§ **What is expected**:
Shown below are entries with pictures; the line with "Salzburg: 2-Hour Guided" through the line with "Statua files fight - fight, the" is the span to retype exactly, and the pictures stay out.

§ **Entries supplied**:
* * * *
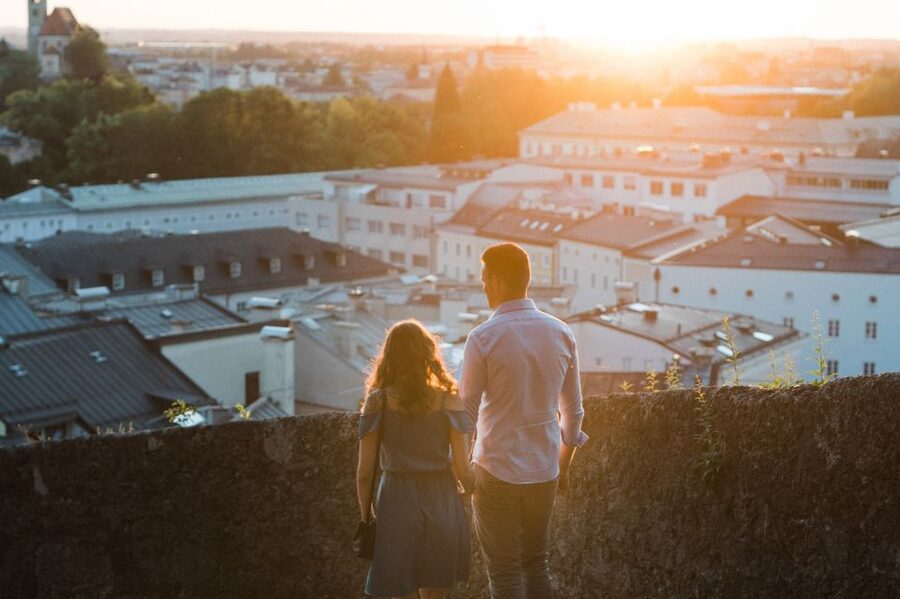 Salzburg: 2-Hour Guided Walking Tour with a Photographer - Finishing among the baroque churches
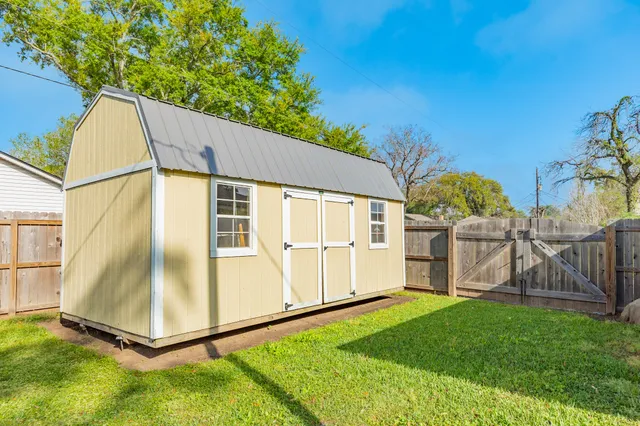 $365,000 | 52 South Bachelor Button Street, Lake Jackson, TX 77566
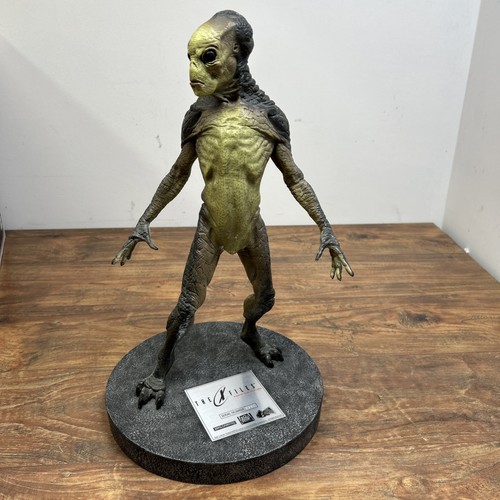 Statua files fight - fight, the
* * * *
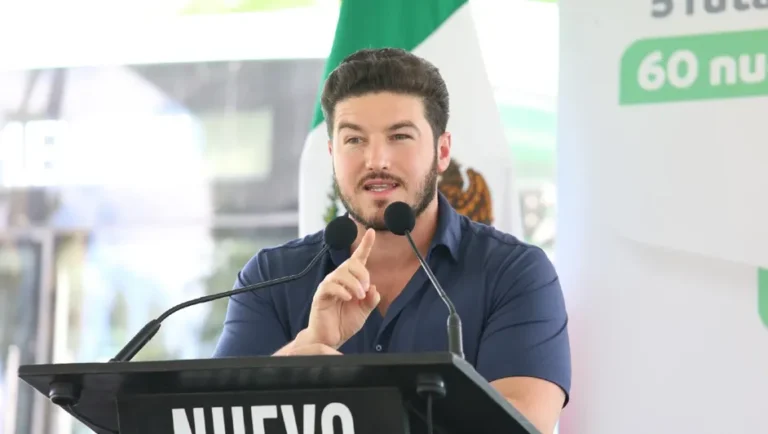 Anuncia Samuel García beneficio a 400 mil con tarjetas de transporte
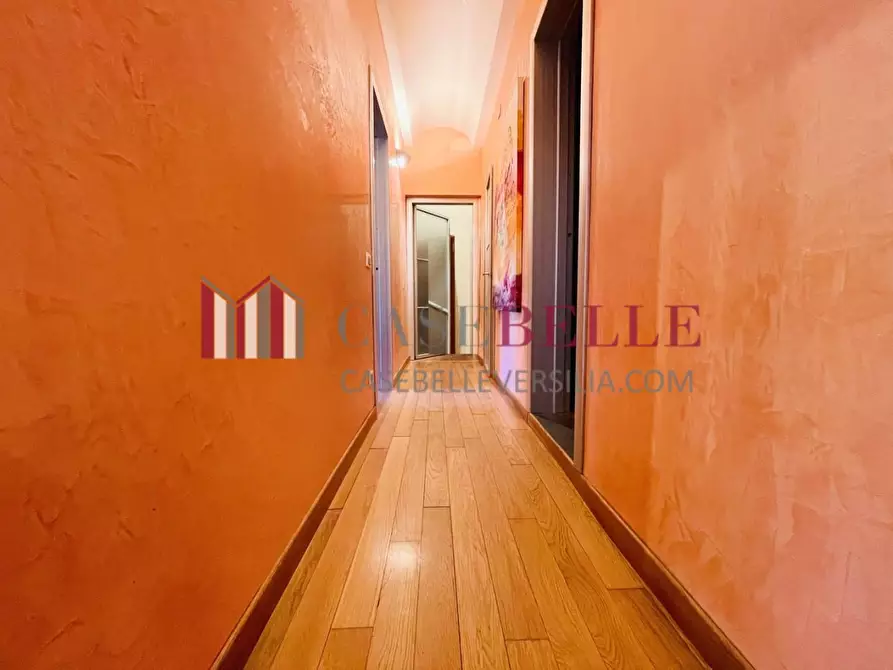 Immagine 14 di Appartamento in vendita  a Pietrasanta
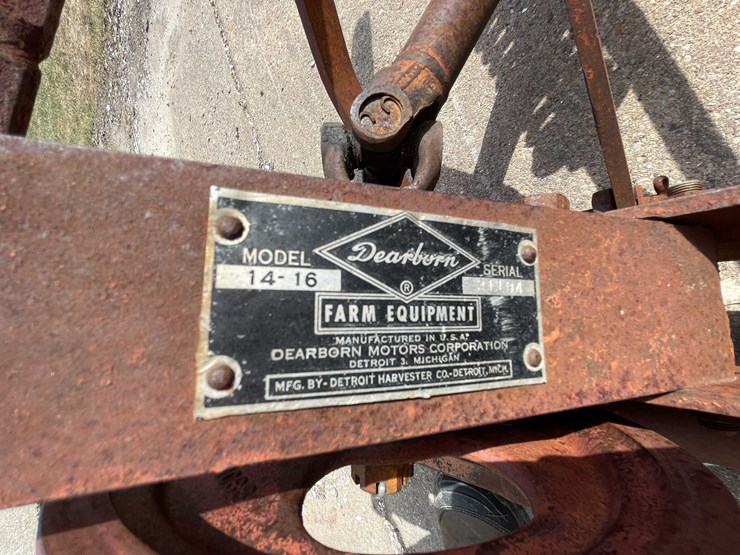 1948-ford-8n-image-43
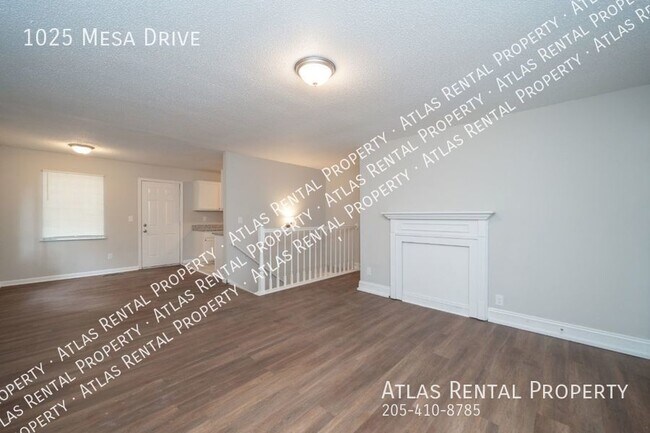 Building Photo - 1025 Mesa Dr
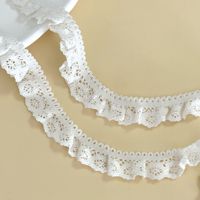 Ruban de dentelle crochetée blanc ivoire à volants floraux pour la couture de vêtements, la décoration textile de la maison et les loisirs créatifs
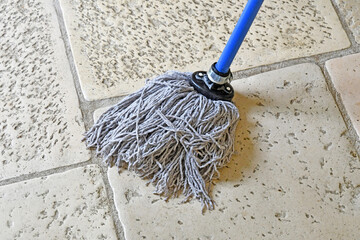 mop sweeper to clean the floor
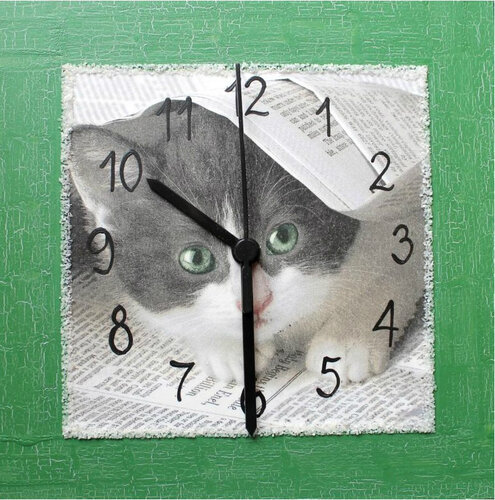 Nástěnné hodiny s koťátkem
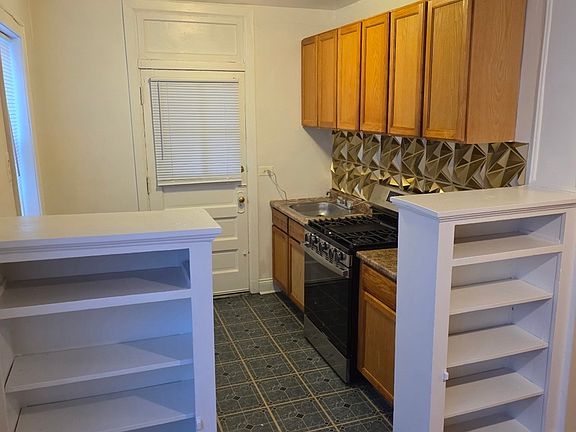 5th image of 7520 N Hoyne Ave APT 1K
* * * *
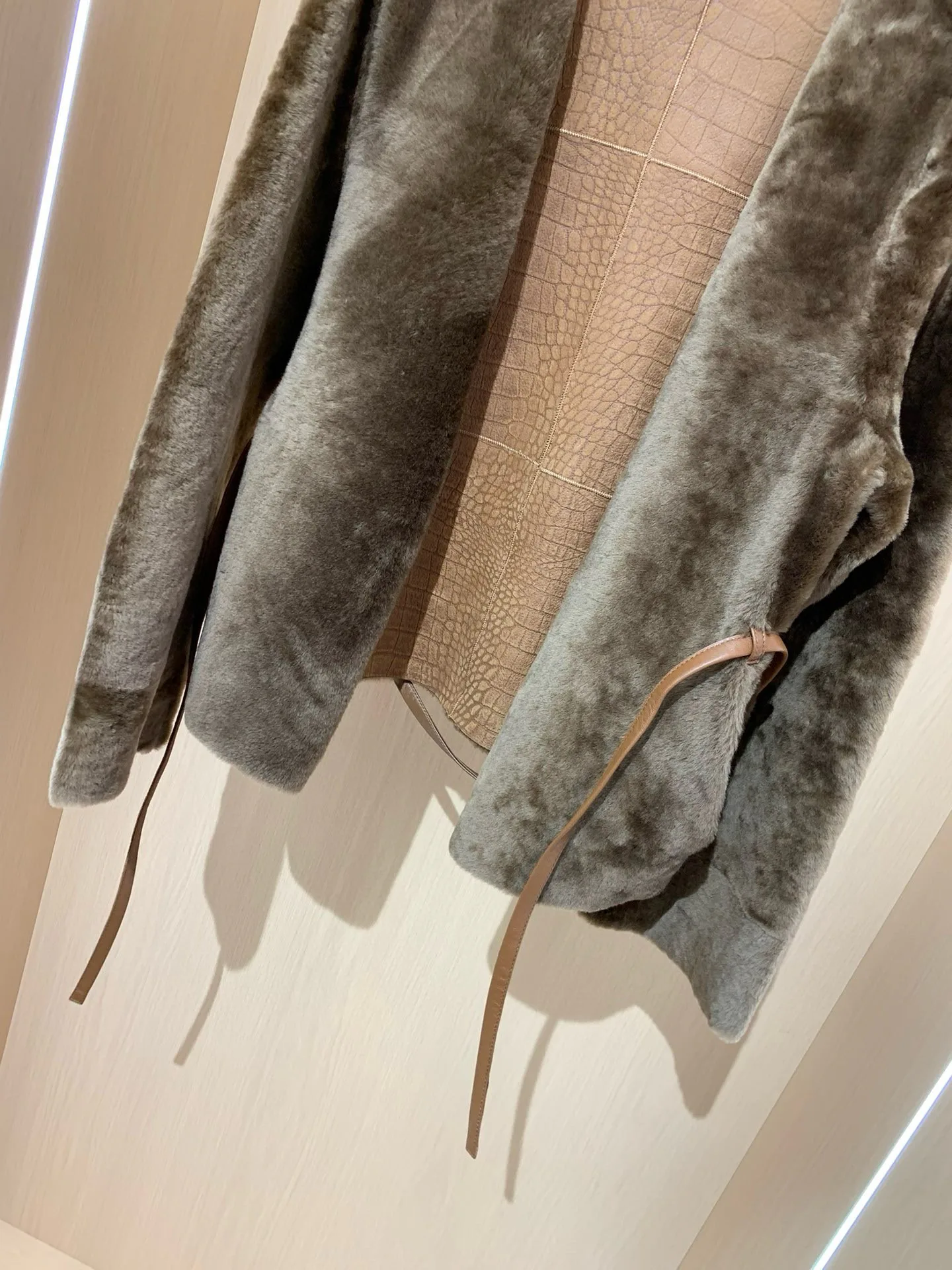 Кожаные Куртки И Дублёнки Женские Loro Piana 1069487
* * * *
§ **Answer for this exercise**:
 Salzburg: 2-Hour Guided Walking Tour with a Photographer - Finishing among the baroque churches
 $365,000 | 52 South Bachelor Button Street, Lake Jackson, TX 77566
 Statua files fight - fight, the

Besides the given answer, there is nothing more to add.